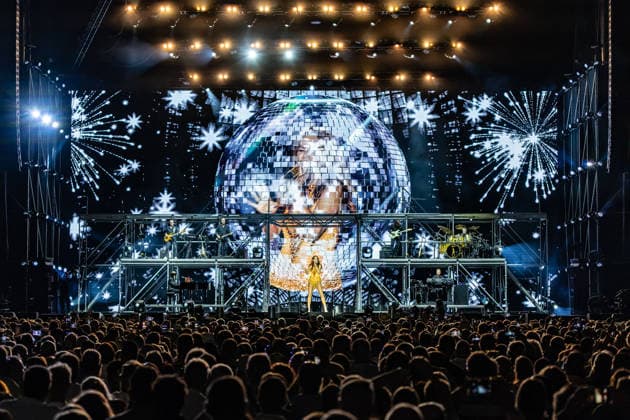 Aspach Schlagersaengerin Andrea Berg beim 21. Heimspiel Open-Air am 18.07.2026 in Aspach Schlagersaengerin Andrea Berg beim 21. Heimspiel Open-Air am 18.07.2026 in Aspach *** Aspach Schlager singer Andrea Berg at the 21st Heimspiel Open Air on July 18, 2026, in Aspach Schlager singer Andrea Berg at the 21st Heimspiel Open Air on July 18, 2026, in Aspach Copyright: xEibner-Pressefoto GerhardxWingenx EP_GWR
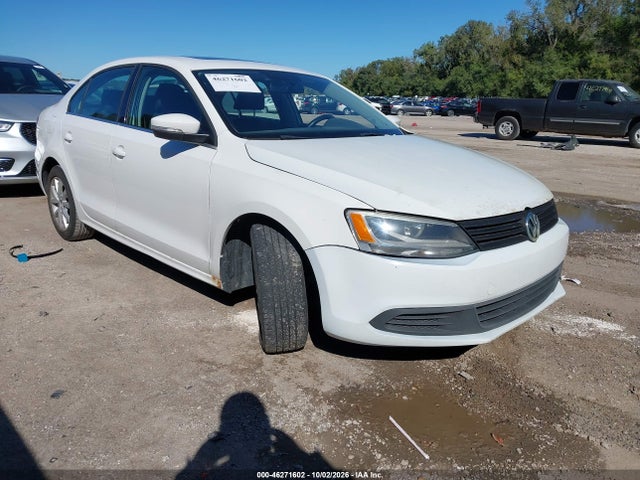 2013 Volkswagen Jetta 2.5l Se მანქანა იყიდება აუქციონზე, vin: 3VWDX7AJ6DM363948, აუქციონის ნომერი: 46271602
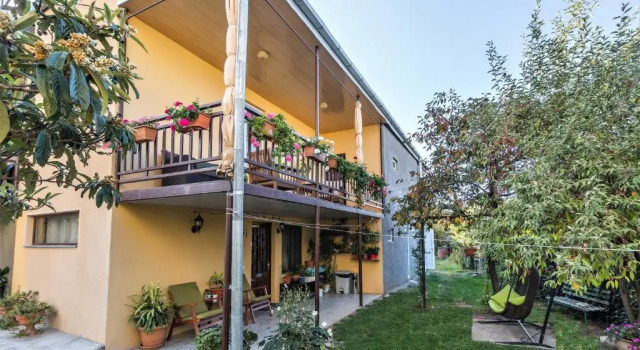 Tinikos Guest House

TASK INSTRUCTIONS:
Output the full listing above exactly, excluding all pictures.

ANSWER AREA:
 Aspach Schlagersaengerin Andrea Berg beim 21. Heimspiel Open-Air am 18.07.2026 in Aspach Schlagersaengerin Andrea Berg beim 21. Heimspiel Open-Air am 18.07.2026 in Aspach *** Aspach Schlager singer Andrea Berg at the 21st Heimspiel Open Air on July 18, 2026, in Aspach Schlager singer Andrea Berg at the 21st Heimspiel Open Air on July 18, 2026, in Aspach Copyright: xEibner-Pressefoto GerhardxWingenx EP_GWR
 2013 Volkswagen Jetta 2.5l Se მანქანა იყიდება აუქციონზე, vin: 3VWDX7AJ6DM363948, აუქციონის ნომერი: 46271602
 Tinikos Guest House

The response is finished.